The eccentricity of the hyperbola whose latus rectum is half of its transverse axis is
A) \[\dfrac{1}{{\sqrt 2 }}\]
B) \[\sqrt {\dfrac{2}{3}} \]
C) \[\sqrt {\dfrac{3}{2}} \]
D) None of these

Answer 1

Hint:
Here, we will assume that the equation of hyperbola, \[\dfrac{{{x^2}}}{{{a^2}}} - \dfrac{{{y^2}}}{{{b^2}}} = 1\]. Then we will take the transverse axis is \[2a\] and the latus rectum is \[\dfrac{{2{b^2}}}{a}\]. Then we will simplify the obtained equation using the given conditions and use the fact that eccentricity of a hyperbola is always greater than 1 and can be calculated using the formula, \[e = \sqrt {1 + \dfrac{{{b^2}}}{{{a^2}}}} \].

Complete step by step solution:
We are given that hyperbola whose latus rectum is half of its transverse axis.
Let us assume that the equation of hyperbola, \[\dfrac{{{x^2}}}{{{a^2}}} - \dfrac{{{y^2}}}{{{b^2}}} = 1\].
We know that the general equation of a hyperbola is \[\dfrac{{{x^2}}}{{{a^2}}} - \dfrac{{{y^2}}}{{{b^2}}} = 1\], where \[a\] is line segment for the \[x\]–axis and \[b\] is the line segment for the \[y\]–axis.
Here, the transverse axis is \[2a\] and the latus rectum is \[\dfrac{{2{b^2}}}{a}\].
According to problems, we have
\[
   \Rightarrow \dfrac{{2{b^2}}}{a} = \dfrac{1}{2}\left( {2a} \right) \\
   \Rightarrow \dfrac{{2{b^2}}}{a} = a \\
 \]
Cross-multiplying the above equation, we get
\[ \Rightarrow 2{b^2} = {a^2}\]
We also know that the eccentricity of a hyperbola is always greater than 1 and can be calculated using the formula, \[e = \sqrt {1 + \dfrac{{{b^2}}}{{{a^2}}}} \].
Using the above formula of eccentricity in the above equation, we get
\[ \Rightarrow 2{a^2}\left( {{e^2} - 1} \right) = {a^2}\]
Dividing the above equation on both sides by \[{a^2}\], we get
\[
   \Rightarrow \dfrac{{2{a^2}\left( {{e^2} - 1} \right)}}{{{a^2}}} = \dfrac{{{a^2}}}{{{a^2}}} \\
   \Rightarrow 2\left( {{e^2} - 1} \right) = 1 \\
   \Rightarrow 2{e^2} - 2 = 1 \\
 \]
Adding the above equation with 2 on both sides, we get
\[
   \Rightarrow 2{e^2} - 2 + 2 = 1 + 2 \\
   \Rightarrow 2{e^2} = 3 \\
 \]
Dividing the above equation by 2 on both sides, we get
\[
   \Rightarrow \dfrac{{2{e^2}}}{2} = \dfrac{3}{2} \\
   \Rightarrow {e^2} = \dfrac{3}{2} \\
 \]
Taking square root on both sides in the above equation, we get
\[ \Rightarrow e = \sqrt {\dfrac{3}{2}} \]

Therefore, the value is \[\sqrt {\dfrac{3}{2}} \].
Hence, option C is the correct answer.

Note:
In solving these types of questions, students find the value from one equation and substitute it in the other equation to find the equation of the hyperbola.
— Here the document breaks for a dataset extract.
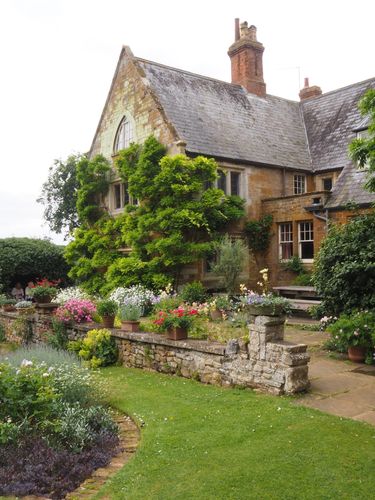 beautiful british gardens: coton manor gardens, northamptonshire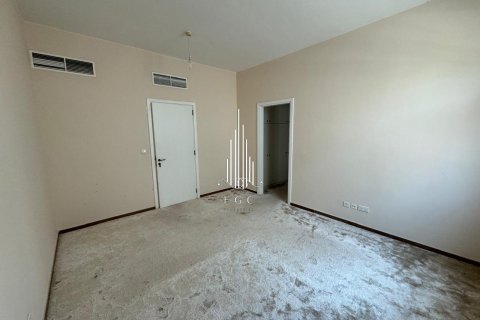 Villa de 4 dormitorios en Khalifa City, UAE No. 32166 10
The possibility of mistake is not being able to apply the formula and properties of quadratic equations to solve. The key step to solve this problem is by knowing the properties to the general equation of hyperbola \[\dfrac{{{x^2}}}{{{a^2}}} - \dfrac{{{y^2}}}{{{b^2}}} = 1\], the solution will be very simple.